→ **About this task**
Starting at the first line of the data, print each line verbatim up to and including the line bearing "2022 Topps Chrome", omitting pictures.

--- Entries shown Enclosed Below ---

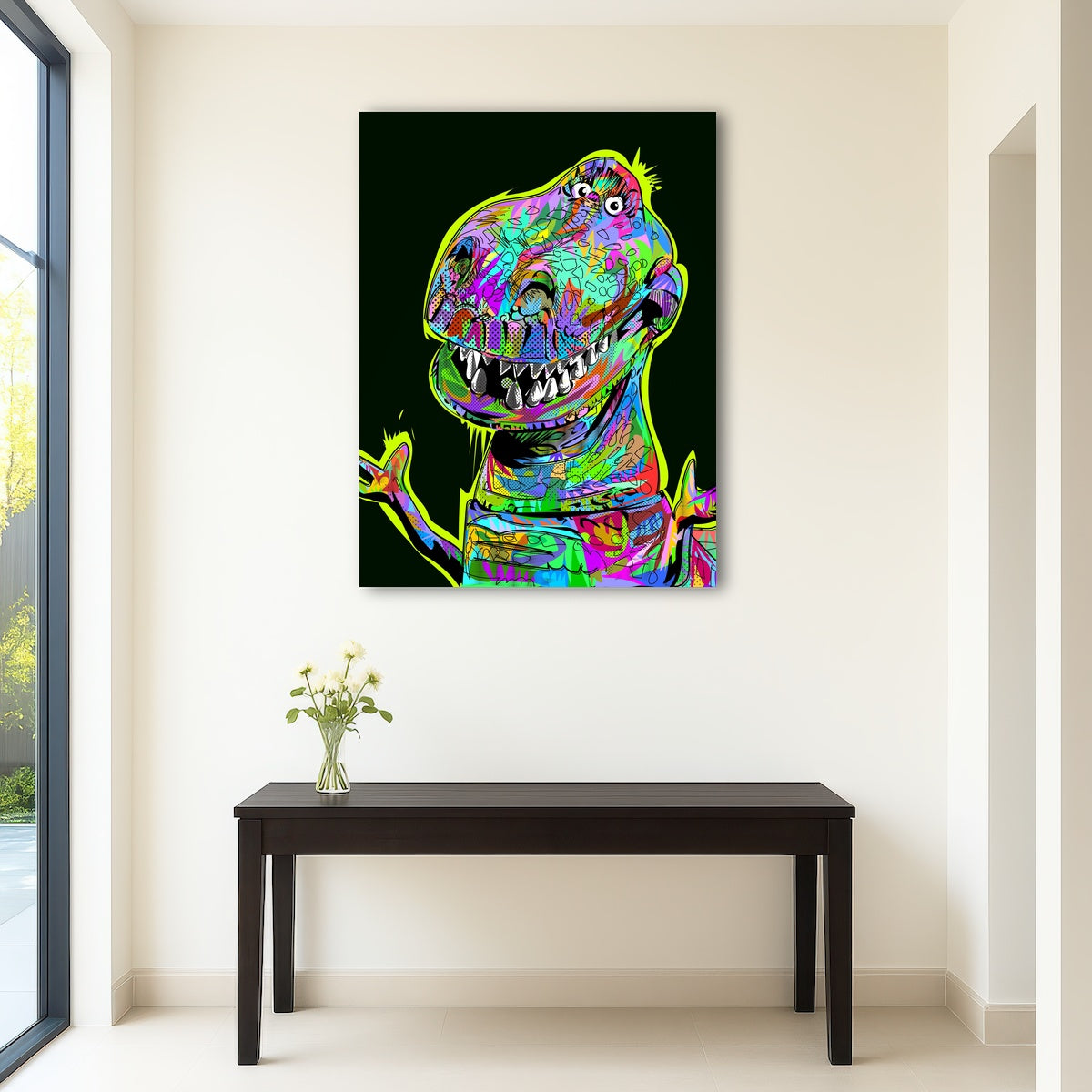 AUTO-MOCKUP ROOM | TYRANNOSAURUS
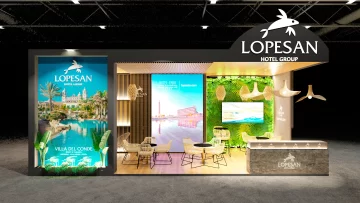 Lopesan centra su estrategia en Fitur 2024 en la venta anticipada de paquetes turísticos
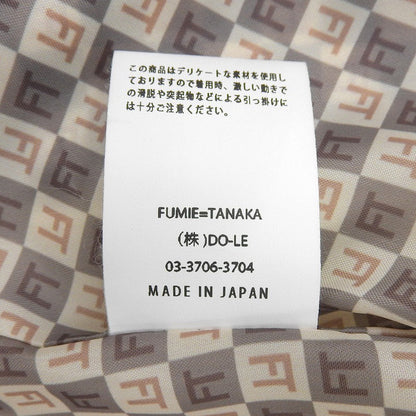 FUMIE TANAKA フェイク ファー フード コート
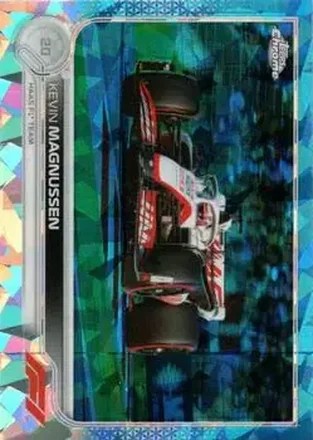 2022 Topps Chrome Sapphire Edition Formula 1 #128 - Kevin Magnussen - Haas F1 Team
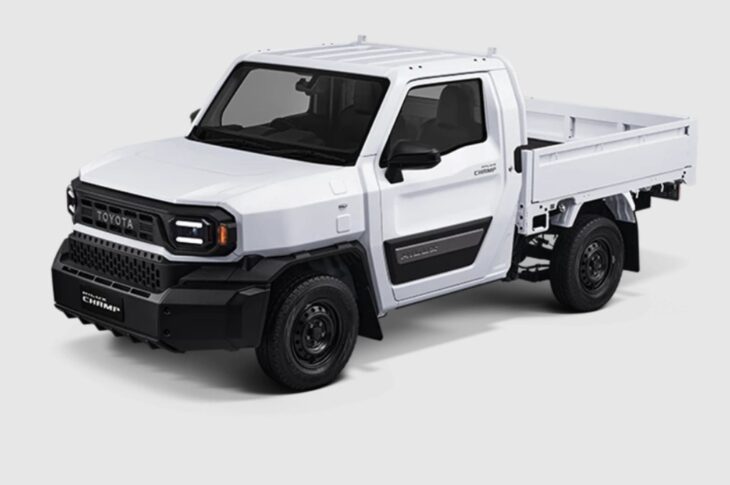 Авто новини - Toyota представила скорочений Hilux Champ
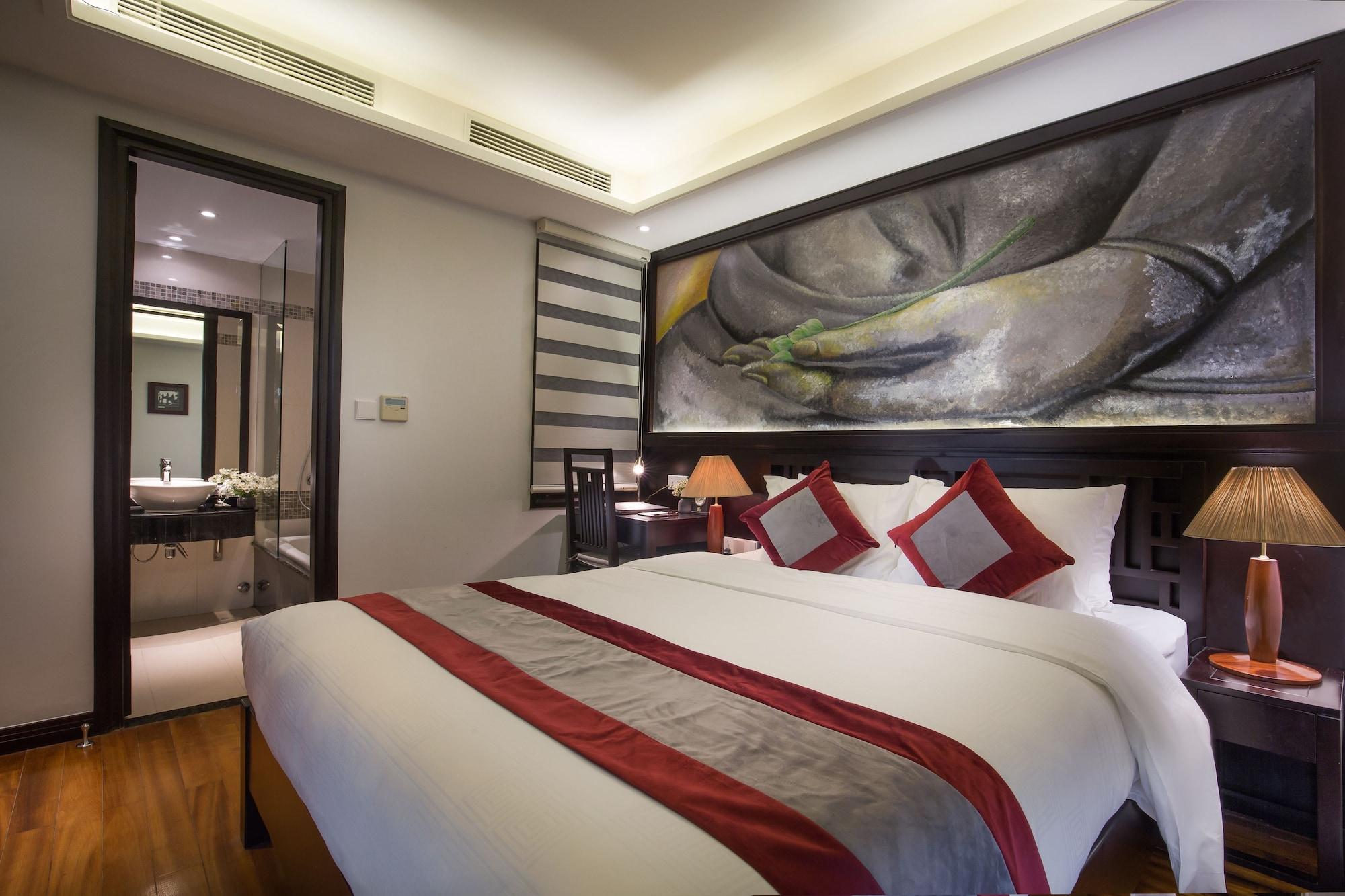 Golden Lotus Boutique Hotel Hanoi Eksteriør bilde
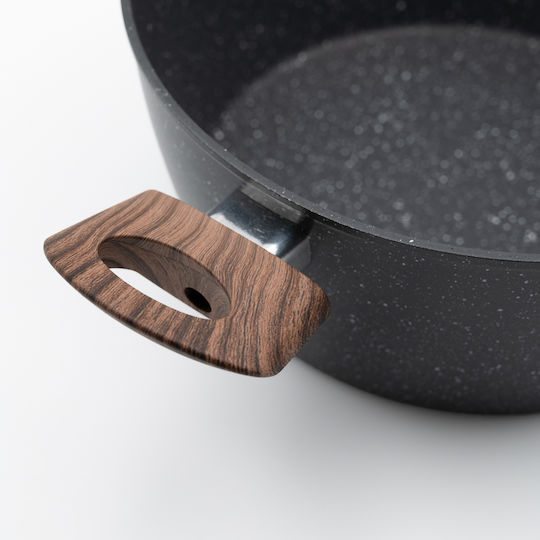 TnS Плитка Тенджера от Алуминий на Пара 22cm
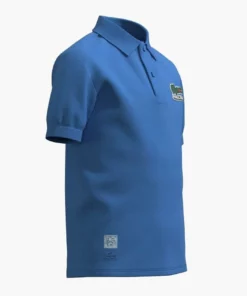 Lacoste MINECRAFT KINDER - Polo - Bleu -Lacoste Soldes Magasin 4e1c2163f335448b8739030d3a65ae8f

--- End of Enclosed Entries shown ---

→ **Answer for this exercise**
 AUTO-MOCKUP ROOM | TYRANNOSAURUS
 Lopesan centra su estrategia en Fitur 2024 en la venta anticipada de paquetes turísticos
 FUMIE TANAKA フェイク ファー フード コート
 2022 Topps Chrome Sapphire Edition Formula 1 #128 - Kevin Magnussen - Haas F1 Team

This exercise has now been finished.